En Irlande du Nord, Londres profite par ailleurs du règlement du Brexit pour avancer sur une loi d’amnistie des soldats ayant participé aux « Troubles ». Le Sinn Fein, lui aussi particulièrement radical sur les questions sociétales, semble incapable de former un gouvernement malgré sa dernière victoire électorale. Le poste de Premier ministre demeure vacant à Stormont, le Parlement nord-irlandais, depuis 2022.
En Flandre et en Italie du Nord, les partis régionalistes se sont tenus à distance du mouvement décolonial et se sont rapprochés depuis de nombreuses années de la droite nationaliste ou conservatrice européenne. Bart De Wever, président général de la Nieuw-Vlaamse Alliantie (N-VA) depuis 2004, est un concurrent du plus radical Vlaams Belang, mais ils partagent le même objectif. À Strasbourg, son parti est membre de l’Alliance libérale (ALE), mais siège dans le groupe des conservateurs (CRE) où siègent également Fratelli d’Italie de Giorgia Meloni, Vox de Santiago Abascal et le PIS polonais. C’est peu dire que les thématiques sociétales du SNP, du Sinn Fein ou de la CUP catalane sont assez éloignées de cette tendance. La Ligue, héritière du mouvement autonomiste de Padanie d’Umberto Bossi, siège quant à elle avec le Rassemblement national.

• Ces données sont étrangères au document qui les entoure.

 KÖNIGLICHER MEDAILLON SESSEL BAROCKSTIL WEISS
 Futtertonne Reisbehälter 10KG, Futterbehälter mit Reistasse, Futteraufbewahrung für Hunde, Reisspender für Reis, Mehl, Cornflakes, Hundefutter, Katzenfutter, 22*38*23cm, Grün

Il est inutile de préciser que les principes d’ouverture à l’immigration illégale, portés par Femu a Corsica ou le président social-démocrate de la région Bretagne, n’ont pas beaucoup d’écho à Anvers et à Milan.
Défiés sur leur gauche par des militants qui mettent en avant les questions raciales et religieuses, et sur leur droite par des conservateurs régionalistes qui pointent le danger pour leur culture et leur peuple d’être submergés par les vagues migratoires extra-européenne, les mouvements indépendantistes européens connaissent une période de tension politique inédite.